Caso v. State , 524 So. 2d 422 ( 1988 )


Menu:
  • 524 So. 2d 422 (1988)

    Rigoberto CASO, Petitioner,
    v.
    STATE of Florida, Respondent.

    No. 70145.

    Supreme Court of Florida.

    April 7, 1988.
    Rehearing Denied June 1, 1988.

    Bennett H. Brummer, Public Defender, and Lisa Berlow-Lehner, Sp. Asst. Public Defender, Miami, for petitioner.

    Robert A. Butterworth, Atty. Gen., and Michael J. Neimand and Julie S. Thornton, Asst. Attys. Gen., Miami, for respondent.

    EHRLICH, Justice.

    We have for review Caso v. State, 501 So. 2d 646 (Fla. 3d DCA 1986), in which the district court certified a question as one of great public importance. We have jurisdiction. Art. V, § 3(b)(4), Fla.
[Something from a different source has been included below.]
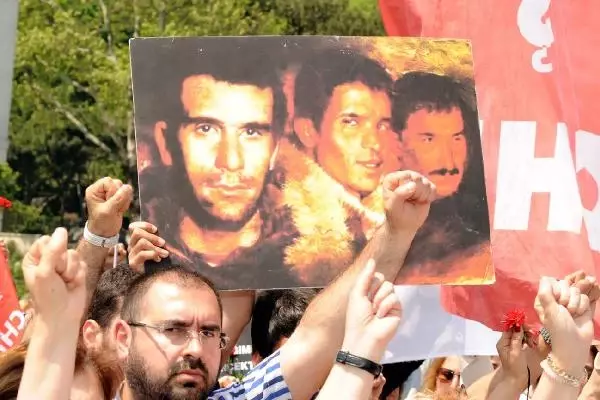 Dolmabahçe'de Denizler'i Andılar Dolmabahçe'de Denizler'i Andılar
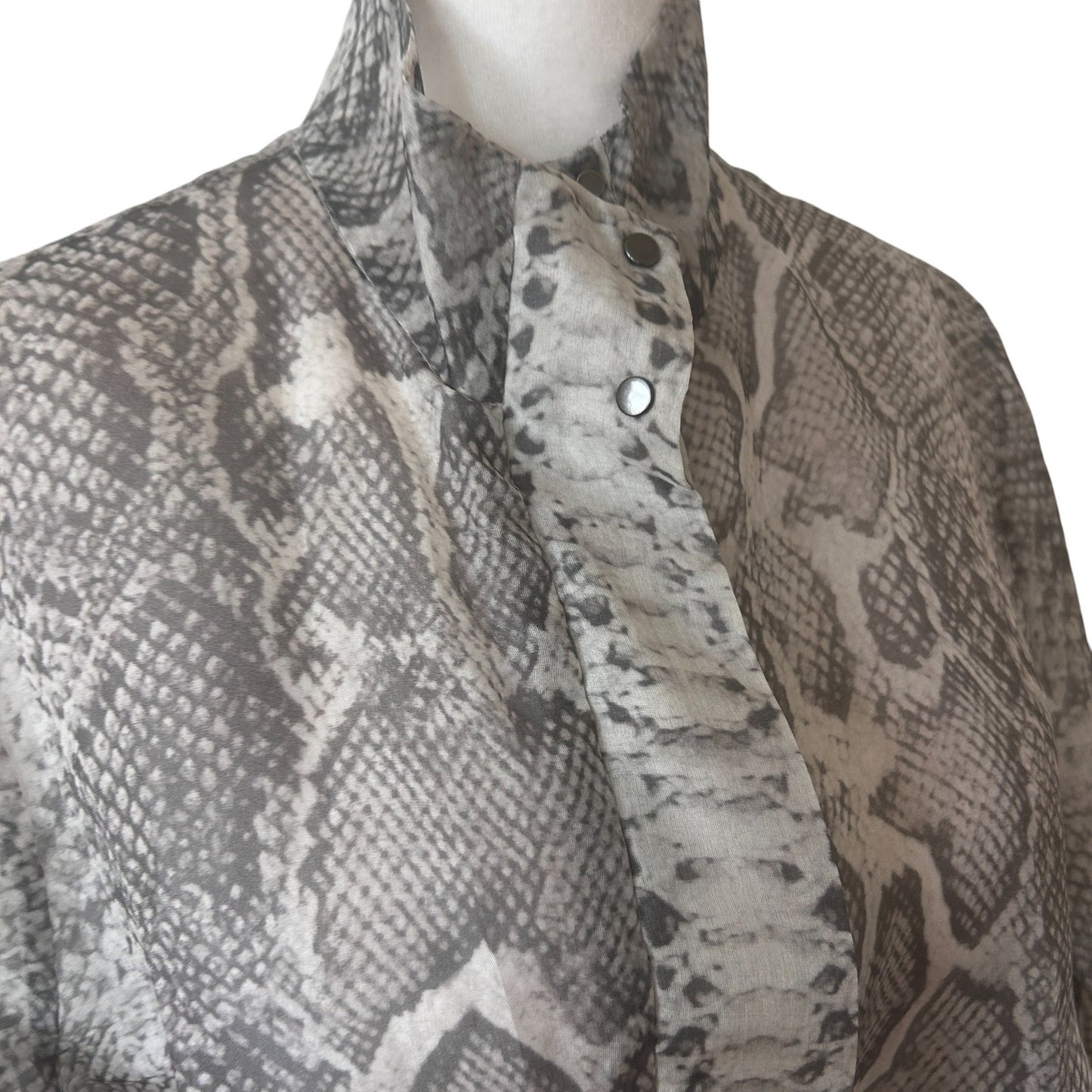 Per Se by Carlisle Gray Snakeskin Sheer Cinched Full Zip Jacket Womens Size 6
Const.

    On May 12, 1983, Norma Montecdino and Luis Murgado were murdered at a residence in Hialeah, Florida. On or about July 7, 1983, the Hialeah Police Department received information from at least one confidential informant that Caso, as the "wheelman," had participated in the crime with two other individuals. Based upon this information, two detectives went to Caso's place of employment in October of 1983, displayed identification and asked if Caso would voluntarily go to the police station and talk to them. Caso asked his employer if this would be okay and then agreed to go. Caso asked the detectives how he would return to work and one of the detectives informed Caso that he would take him back.

    After arriving at the police station, Caso was taken to an interrogation room where officers confronted him with the information they had gathered that implicated him in the crime. Caso was then presented with an advice of rights form which did not *423 advise him of the right to appointed counsel at the state's expense if he could not afford an attorney. The officers testified that Caso eventually verified the information that the detectives already had and was then returned to his place of employment. The interrogating detectives then proceeded to the State Attorney's office, where they related the information that they had obtained from Caso to the Assistant State Attorney in charge of the investigation. A warrant was then issued for Caso's arrest.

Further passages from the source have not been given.